Natural resources and land use

To be completed.

Human geography

To be completed.

Trivia and Information

  1. The name comes from the fact that much of the region lies within the Polar Circle, above the 60° latitude and therefore has Polar Seasons (i.e. Polar Day and Night). Because during Polar Day the region experiences almost constant daylight, while during Polar Night the region experiences almost constant twilight, many cultures and languages refer to the lands as the "Sunlands" (as the Sun is a constant presence in the region).
  2. In ancient times, humans did have a sleep schedule like this without Samsara's exotic day/night cycle.
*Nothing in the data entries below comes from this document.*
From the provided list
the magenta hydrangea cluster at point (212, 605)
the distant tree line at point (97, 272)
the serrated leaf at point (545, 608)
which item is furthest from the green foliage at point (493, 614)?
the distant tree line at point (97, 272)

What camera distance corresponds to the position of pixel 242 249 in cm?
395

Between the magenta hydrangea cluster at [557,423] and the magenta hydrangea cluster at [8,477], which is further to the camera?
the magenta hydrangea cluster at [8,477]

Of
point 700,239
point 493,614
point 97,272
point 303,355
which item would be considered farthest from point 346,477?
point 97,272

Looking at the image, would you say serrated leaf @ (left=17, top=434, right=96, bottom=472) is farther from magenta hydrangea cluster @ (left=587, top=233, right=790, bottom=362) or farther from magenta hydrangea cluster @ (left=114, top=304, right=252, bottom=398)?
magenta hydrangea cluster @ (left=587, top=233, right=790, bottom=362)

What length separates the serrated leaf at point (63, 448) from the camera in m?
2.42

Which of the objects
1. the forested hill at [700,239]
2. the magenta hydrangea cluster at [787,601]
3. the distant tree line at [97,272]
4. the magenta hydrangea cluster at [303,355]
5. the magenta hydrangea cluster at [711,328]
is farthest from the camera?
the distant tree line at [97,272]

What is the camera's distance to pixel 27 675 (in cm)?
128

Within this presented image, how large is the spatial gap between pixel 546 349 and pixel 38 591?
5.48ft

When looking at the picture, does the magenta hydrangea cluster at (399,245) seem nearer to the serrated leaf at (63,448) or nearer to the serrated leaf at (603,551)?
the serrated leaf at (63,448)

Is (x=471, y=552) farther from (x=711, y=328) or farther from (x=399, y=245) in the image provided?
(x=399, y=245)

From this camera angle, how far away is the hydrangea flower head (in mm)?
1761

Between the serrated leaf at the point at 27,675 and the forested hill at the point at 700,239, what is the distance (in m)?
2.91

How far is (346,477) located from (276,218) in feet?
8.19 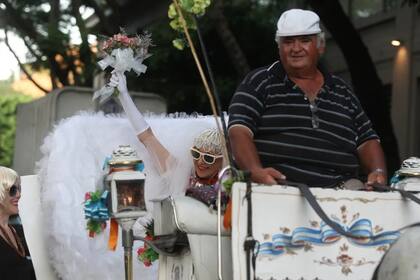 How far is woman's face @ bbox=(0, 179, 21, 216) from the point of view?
451 cm

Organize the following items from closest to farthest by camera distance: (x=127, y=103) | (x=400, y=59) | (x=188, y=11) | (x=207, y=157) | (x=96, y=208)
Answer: (x=188, y=11)
(x=96, y=208)
(x=207, y=157)
(x=127, y=103)
(x=400, y=59)

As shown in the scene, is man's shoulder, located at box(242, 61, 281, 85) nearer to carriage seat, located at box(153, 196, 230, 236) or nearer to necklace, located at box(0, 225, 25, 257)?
carriage seat, located at box(153, 196, 230, 236)

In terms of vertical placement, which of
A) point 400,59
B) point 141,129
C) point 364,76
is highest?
point 400,59

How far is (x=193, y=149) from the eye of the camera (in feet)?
17.2

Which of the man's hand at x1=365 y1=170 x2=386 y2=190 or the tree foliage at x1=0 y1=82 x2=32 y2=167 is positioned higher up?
the tree foliage at x1=0 y1=82 x2=32 y2=167

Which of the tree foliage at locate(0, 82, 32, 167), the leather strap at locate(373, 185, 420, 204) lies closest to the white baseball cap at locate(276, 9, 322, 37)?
the leather strap at locate(373, 185, 420, 204)

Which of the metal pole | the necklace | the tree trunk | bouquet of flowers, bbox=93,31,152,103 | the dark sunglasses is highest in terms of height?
the tree trunk

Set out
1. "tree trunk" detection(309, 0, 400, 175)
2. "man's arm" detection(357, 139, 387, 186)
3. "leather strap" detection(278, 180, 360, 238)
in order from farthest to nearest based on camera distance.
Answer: "tree trunk" detection(309, 0, 400, 175)
"man's arm" detection(357, 139, 387, 186)
"leather strap" detection(278, 180, 360, 238)

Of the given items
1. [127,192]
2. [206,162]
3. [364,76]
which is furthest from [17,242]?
[364,76]

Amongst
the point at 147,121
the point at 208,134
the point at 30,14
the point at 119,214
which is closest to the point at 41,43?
the point at 30,14

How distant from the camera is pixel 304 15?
3.77 metres

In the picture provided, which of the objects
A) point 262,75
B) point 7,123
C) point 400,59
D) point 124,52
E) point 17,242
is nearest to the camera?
point 262,75

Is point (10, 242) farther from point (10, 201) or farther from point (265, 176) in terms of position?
point (265, 176)

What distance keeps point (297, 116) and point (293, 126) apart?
0.05m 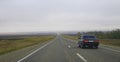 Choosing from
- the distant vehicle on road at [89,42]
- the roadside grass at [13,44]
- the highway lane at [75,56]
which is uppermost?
the distant vehicle on road at [89,42]

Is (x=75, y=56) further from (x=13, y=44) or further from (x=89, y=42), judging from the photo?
(x=13, y=44)

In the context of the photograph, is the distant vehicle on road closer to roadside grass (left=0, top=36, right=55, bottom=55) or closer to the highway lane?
the highway lane

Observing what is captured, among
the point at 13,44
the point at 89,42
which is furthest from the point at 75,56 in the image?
the point at 13,44

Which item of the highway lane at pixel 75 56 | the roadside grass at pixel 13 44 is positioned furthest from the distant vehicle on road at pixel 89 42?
the roadside grass at pixel 13 44

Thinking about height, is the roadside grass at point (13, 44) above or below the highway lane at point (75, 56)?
below

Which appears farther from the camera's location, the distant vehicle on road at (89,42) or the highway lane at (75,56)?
the distant vehicle on road at (89,42)

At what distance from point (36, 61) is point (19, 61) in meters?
1.04

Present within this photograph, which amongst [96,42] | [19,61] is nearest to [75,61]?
[19,61]

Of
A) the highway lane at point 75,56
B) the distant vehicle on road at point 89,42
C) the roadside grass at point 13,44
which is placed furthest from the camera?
the roadside grass at point 13,44

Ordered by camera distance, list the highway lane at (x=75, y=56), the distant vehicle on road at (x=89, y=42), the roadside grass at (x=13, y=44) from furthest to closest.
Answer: the roadside grass at (x=13, y=44), the distant vehicle on road at (x=89, y=42), the highway lane at (x=75, y=56)

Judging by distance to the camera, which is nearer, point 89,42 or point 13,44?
point 89,42

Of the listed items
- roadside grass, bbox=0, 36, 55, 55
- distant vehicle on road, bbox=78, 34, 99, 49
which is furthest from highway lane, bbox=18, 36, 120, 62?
roadside grass, bbox=0, 36, 55, 55

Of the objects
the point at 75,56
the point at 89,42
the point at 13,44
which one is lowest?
the point at 13,44

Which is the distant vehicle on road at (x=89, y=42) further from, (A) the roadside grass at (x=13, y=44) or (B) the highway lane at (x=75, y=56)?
(A) the roadside grass at (x=13, y=44) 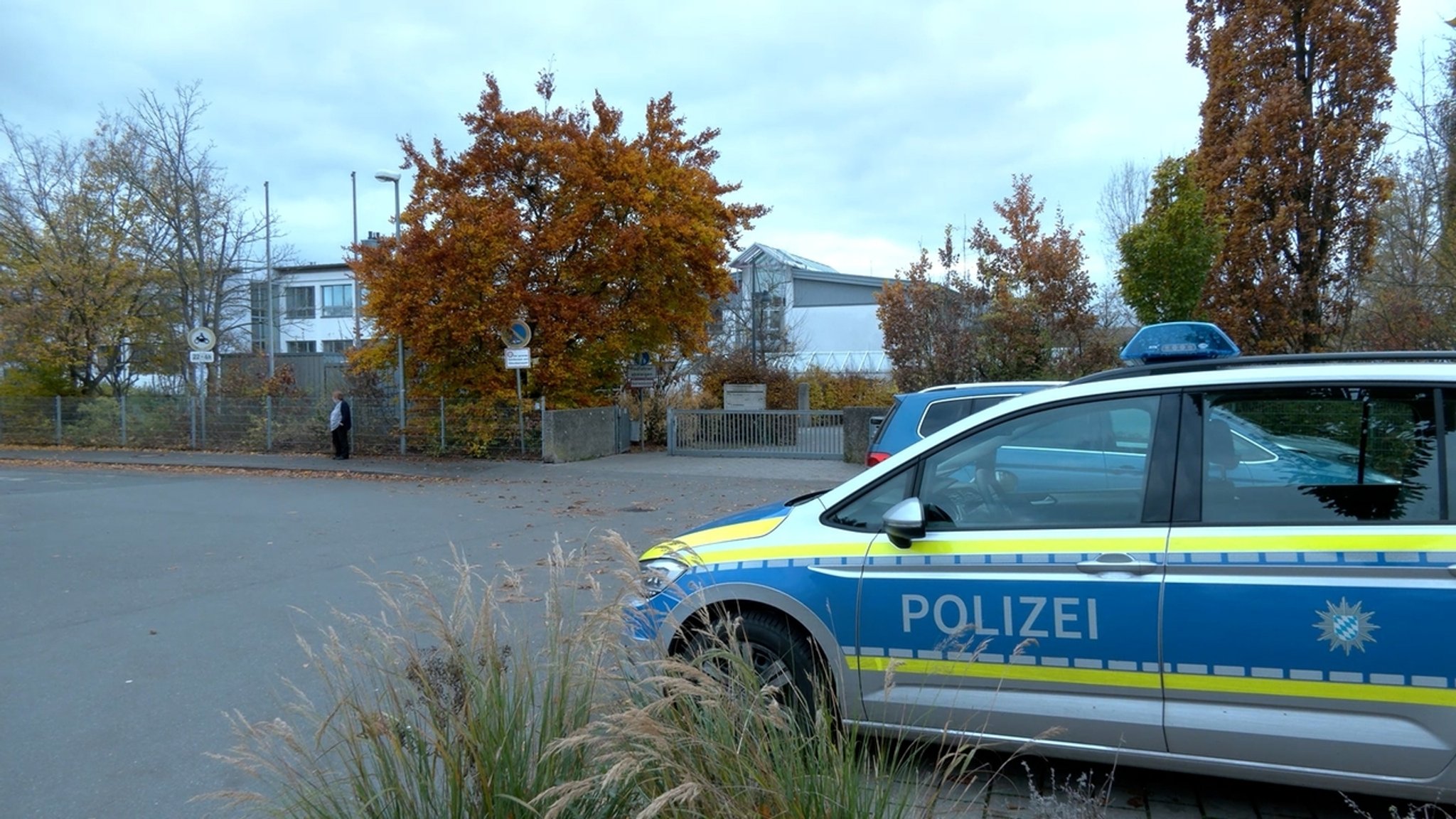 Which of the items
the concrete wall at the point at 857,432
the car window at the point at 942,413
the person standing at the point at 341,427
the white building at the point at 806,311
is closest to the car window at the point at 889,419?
the car window at the point at 942,413

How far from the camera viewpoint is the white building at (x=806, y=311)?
112ft

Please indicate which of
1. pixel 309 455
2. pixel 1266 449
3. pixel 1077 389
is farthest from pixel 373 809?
pixel 309 455

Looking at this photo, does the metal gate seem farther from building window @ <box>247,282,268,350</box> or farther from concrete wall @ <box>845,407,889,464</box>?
building window @ <box>247,282,268,350</box>

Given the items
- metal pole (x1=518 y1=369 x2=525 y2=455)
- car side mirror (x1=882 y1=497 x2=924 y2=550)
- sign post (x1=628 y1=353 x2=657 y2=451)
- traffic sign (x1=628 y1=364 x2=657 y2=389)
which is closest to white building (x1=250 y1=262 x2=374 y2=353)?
sign post (x1=628 y1=353 x2=657 y2=451)

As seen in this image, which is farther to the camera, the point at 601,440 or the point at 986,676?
the point at 601,440

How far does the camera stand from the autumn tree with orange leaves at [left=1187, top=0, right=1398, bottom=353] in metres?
15.7

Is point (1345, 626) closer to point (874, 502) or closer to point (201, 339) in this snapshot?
point (874, 502)

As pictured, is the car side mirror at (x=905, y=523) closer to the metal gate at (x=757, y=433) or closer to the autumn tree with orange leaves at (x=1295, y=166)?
the autumn tree with orange leaves at (x=1295, y=166)

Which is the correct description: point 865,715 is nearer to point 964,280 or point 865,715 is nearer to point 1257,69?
point 1257,69

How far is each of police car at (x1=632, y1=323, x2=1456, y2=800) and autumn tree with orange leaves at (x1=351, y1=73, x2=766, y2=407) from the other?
1697 cm

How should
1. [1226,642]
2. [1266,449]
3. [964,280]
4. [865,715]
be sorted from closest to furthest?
[1226,642], [1266,449], [865,715], [964,280]

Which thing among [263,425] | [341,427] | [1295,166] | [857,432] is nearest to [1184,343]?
[1295,166]

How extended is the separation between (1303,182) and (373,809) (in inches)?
696

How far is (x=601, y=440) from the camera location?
22.9 meters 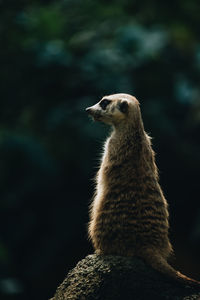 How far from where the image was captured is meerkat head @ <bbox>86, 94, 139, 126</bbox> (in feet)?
11.9

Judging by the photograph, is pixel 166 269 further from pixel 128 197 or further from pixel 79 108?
pixel 79 108

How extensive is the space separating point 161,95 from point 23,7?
2.77 m

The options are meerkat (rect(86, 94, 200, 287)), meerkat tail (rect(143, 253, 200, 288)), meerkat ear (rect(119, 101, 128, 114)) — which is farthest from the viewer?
meerkat ear (rect(119, 101, 128, 114))

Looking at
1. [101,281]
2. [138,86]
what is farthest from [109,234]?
[138,86]

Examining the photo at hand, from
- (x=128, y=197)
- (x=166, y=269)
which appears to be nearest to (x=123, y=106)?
(x=128, y=197)

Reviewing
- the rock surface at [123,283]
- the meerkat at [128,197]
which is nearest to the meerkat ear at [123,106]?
the meerkat at [128,197]

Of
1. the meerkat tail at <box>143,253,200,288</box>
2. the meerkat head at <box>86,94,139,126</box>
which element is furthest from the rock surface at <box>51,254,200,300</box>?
the meerkat head at <box>86,94,139,126</box>

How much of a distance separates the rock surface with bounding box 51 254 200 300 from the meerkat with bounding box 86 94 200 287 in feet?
0.21

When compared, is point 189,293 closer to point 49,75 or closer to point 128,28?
point 49,75

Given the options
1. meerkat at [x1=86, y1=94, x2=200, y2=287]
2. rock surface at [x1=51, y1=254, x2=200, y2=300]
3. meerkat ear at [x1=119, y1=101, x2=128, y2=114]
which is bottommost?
rock surface at [x1=51, y1=254, x2=200, y2=300]

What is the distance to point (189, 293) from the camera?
3.24 meters

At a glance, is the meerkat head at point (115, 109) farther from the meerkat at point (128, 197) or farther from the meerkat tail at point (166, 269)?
the meerkat tail at point (166, 269)

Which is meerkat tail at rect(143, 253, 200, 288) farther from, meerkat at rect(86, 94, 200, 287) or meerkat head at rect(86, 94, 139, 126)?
meerkat head at rect(86, 94, 139, 126)

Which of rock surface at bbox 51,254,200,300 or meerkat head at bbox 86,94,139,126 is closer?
rock surface at bbox 51,254,200,300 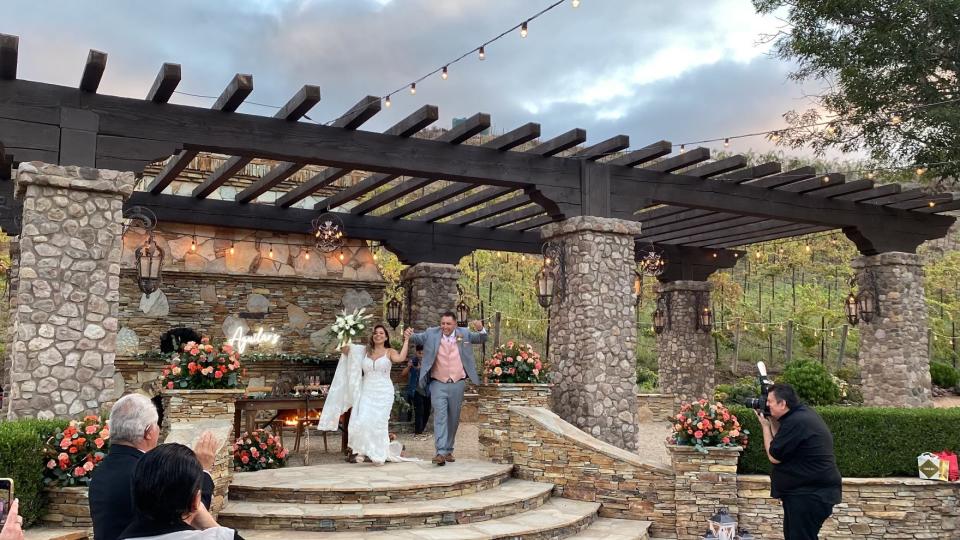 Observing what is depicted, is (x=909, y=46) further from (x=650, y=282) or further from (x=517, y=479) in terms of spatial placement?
(x=650, y=282)

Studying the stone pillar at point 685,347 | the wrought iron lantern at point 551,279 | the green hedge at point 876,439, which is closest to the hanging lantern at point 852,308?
the stone pillar at point 685,347

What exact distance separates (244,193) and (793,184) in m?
8.95

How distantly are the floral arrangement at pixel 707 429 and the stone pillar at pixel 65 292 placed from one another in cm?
594

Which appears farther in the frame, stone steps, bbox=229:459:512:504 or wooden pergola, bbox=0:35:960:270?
wooden pergola, bbox=0:35:960:270

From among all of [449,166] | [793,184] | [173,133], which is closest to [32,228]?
[173,133]

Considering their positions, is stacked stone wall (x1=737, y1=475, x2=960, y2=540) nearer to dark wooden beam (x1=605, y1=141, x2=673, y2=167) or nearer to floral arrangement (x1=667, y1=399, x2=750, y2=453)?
floral arrangement (x1=667, y1=399, x2=750, y2=453)

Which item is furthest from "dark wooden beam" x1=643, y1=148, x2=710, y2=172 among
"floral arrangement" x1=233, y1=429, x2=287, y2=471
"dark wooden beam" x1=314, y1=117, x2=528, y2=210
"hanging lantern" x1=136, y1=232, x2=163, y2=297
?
"hanging lantern" x1=136, y1=232, x2=163, y2=297

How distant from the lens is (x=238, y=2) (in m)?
15.9

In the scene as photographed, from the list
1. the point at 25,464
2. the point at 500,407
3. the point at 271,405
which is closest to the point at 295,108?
the point at 271,405

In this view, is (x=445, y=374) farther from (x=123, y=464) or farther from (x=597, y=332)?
(x=123, y=464)

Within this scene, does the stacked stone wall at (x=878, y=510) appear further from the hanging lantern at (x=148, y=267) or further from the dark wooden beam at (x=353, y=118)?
the hanging lantern at (x=148, y=267)

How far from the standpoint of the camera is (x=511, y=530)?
734cm

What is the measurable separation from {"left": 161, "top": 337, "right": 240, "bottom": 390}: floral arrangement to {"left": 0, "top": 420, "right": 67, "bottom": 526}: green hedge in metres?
2.11

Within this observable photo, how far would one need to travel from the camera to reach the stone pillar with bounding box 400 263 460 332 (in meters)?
15.4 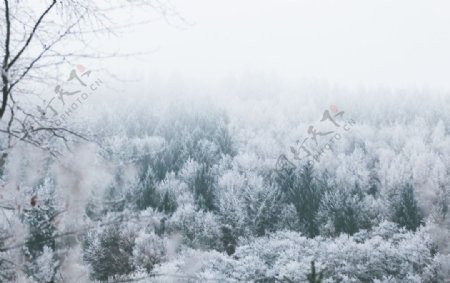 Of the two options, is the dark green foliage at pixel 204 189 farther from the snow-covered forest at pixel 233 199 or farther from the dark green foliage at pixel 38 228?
the dark green foliage at pixel 38 228

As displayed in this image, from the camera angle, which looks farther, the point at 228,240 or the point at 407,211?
the point at 407,211

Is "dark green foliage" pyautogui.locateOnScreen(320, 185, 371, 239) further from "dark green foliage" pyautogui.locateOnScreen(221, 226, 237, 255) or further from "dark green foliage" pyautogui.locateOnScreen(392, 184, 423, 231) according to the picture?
"dark green foliage" pyautogui.locateOnScreen(221, 226, 237, 255)

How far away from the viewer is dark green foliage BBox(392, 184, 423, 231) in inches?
1688

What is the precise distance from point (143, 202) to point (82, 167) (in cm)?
4862

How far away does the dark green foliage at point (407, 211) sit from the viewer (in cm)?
4289

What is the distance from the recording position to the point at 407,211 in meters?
44.2

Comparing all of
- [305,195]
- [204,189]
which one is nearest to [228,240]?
[305,195]

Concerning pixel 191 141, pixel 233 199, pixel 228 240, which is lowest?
pixel 228 240

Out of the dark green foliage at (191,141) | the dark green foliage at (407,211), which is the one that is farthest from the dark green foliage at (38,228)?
the dark green foliage at (191,141)

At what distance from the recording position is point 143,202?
50562mm

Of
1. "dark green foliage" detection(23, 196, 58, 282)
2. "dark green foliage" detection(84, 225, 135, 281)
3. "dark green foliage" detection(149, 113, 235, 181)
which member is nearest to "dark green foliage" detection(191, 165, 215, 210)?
"dark green foliage" detection(149, 113, 235, 181)

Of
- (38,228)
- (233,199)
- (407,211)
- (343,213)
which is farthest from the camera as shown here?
(233,199)

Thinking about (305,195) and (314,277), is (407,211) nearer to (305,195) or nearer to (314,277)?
(305,195)

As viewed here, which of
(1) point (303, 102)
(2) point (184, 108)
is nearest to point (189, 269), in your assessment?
(2) point (184, 108) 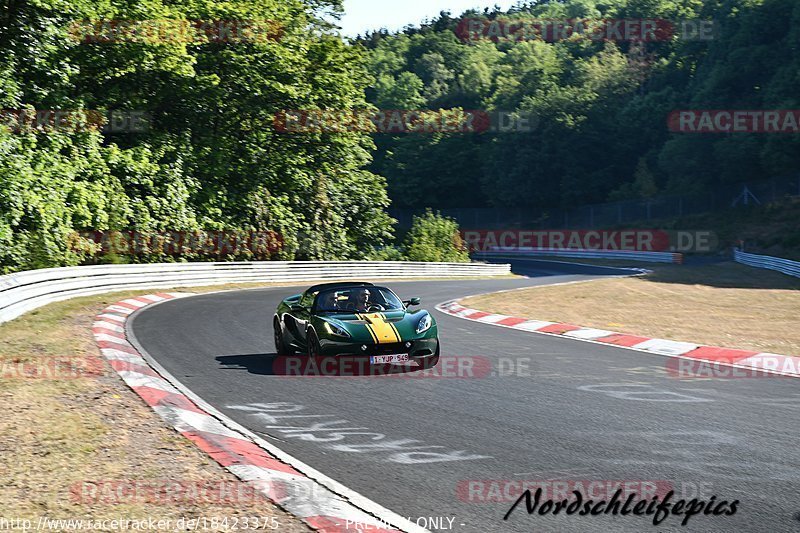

On Samsara, their patterns are more polyphasic however, sleeping in 4-6 hour spurts several times in a "day", often underground or inside special "sleeping houses" (with no windows, etc.)
  3. The Tropics lie aprox. at 23.5° parallel north and south. On Earth, they are called the Tropic of Cancer and the Tropic of Capricorn, but on Samsara they are simply called by their direction (the "Northern Tropic" and the "Southern Tropic"). To speak of "the Tropics" in the plural most commonly refers to the seasonal region, whereas to speak of the Northern and Southern Tropics collectively one would use "both Tropics".